7歳から、実在しない都市の地図を描き始めた
ーー何歳ごろから地図マニアに?
小さい頃は路線バスが好きで「バスの運転士になりたい」と言っていた記憶があります。自らを遠くに連れて行ってくれる乗り物は、とても頼りにしていましたね。今は運転免許すら持っていないという、当時のビジョンに逆行した人生を送っていますが(笑)。

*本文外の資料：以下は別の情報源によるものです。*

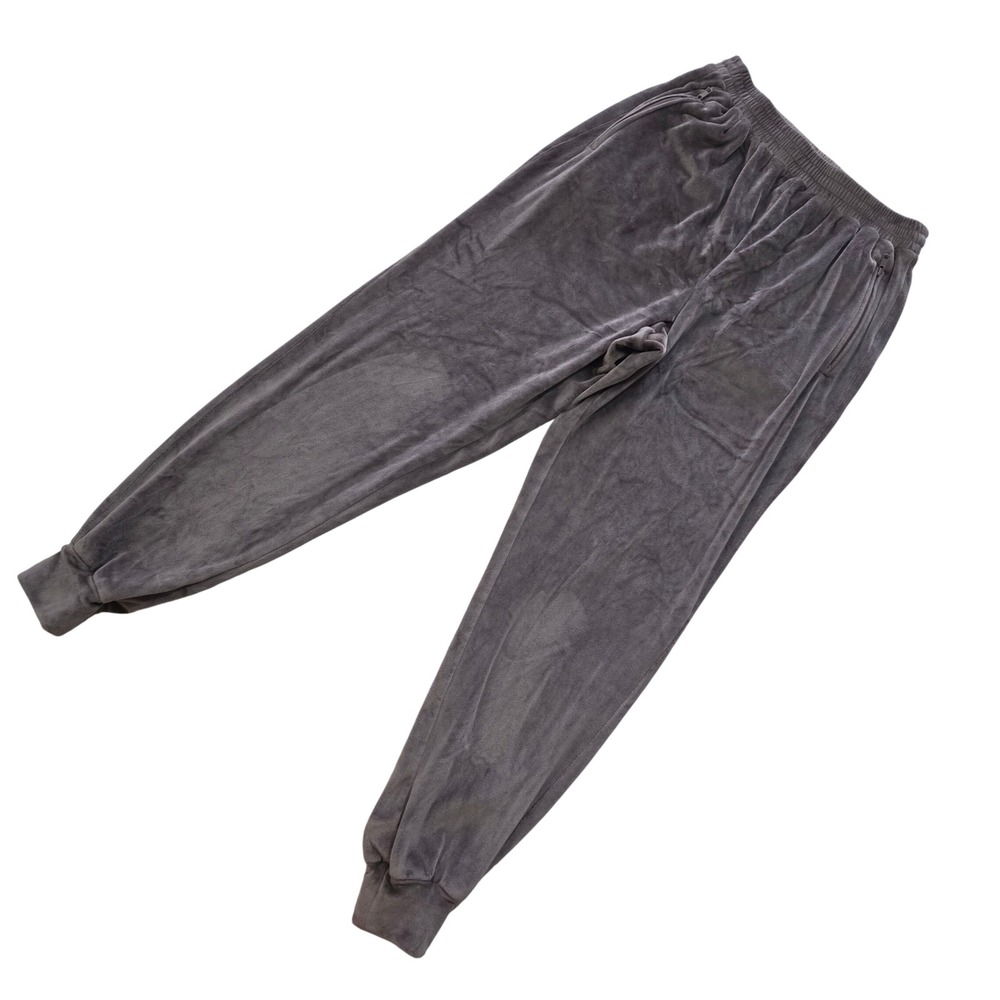 SKIMS Velour Joggers Womens XL Brown Velvet Sweatpants Lounge Soft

地図好きになるきっかけは5歳の頃、横浜市から東京都日野市に引っ越したこと。両親ともに全く土地勘のない場所だったので、スーパーがどこにあるかさえ分からない。当時はインターネットもなかったので、まずは地図を買って「幼稚園はどこにあるんだ?」「駅までどうやって行くんだ?」ということを探りました。
それで一気に、地図を見る習慣ができたんです。
その後7、8歳の頃から、架空の都市の空想地図を描き始めました。
当初はバラバラと思いつくままに描いていたんですが、11歳の頃に架空都市である「中村市(なごむるし)」の空想地図に1本化。ペースに変動はありながらも暇さえあれば描き加えていって。大学に入ってすぐにAdobe Illustratorを使って地図をデジタル化しました。
ーー空想地図を描く楽しさは、どんなところにありますか?
私のような地図好きは、「あのへんは賑やか」「このへんは古い町並みだろう」といった、住んでいると身につく土地勘のようなものを、地図を読み解くことで身につけています。
実在しない都市の地図でも、実際の知らない街に住んだような想像力を掻き立てられるから、ずっと描いていられるのでしょうね。
ーーたとえば小説を読んで、物語の中に自分がいるような気持ちになるのと、通ずるものがあるのでしょうか。
そうですね。非常に近いと思います。
「なにかしらのプロ」になろうと就職活動
ーー現在の地理人さんのお仕事内容を教えてください。
総じて言うと「地理・地図系の自営業」です。
著述、講演、講師・ワークショップ、地図制作、書籍や記事のライティングなどを合わせると1人分の収入になる、ぐらいの感じです。
地図制作には、ドラマやゲームの舞台など実在しない都市もあれば、実在する都市の地図や路線図もあります。年によって空想地図の制作が売上の3割を占めることもありますが、大体は小さな仕事の組み合わせでどうにか生きています。
ーー独立されるまでは、どんなキャリアを歩んでこられたのですか?
ずっと地図を書き続けてきて都市の地理に興味があったので、大学は当初、地理学科に進みました。ただ地理学科の卒業生の主な進路は、地理歴史の教員や研究者。もともと学校がそんなに好きではなかったのに「学校から抜けられないじゃん!」と、まちづくりを学べるゼミがある大学を探して、大学3年生で編入しました。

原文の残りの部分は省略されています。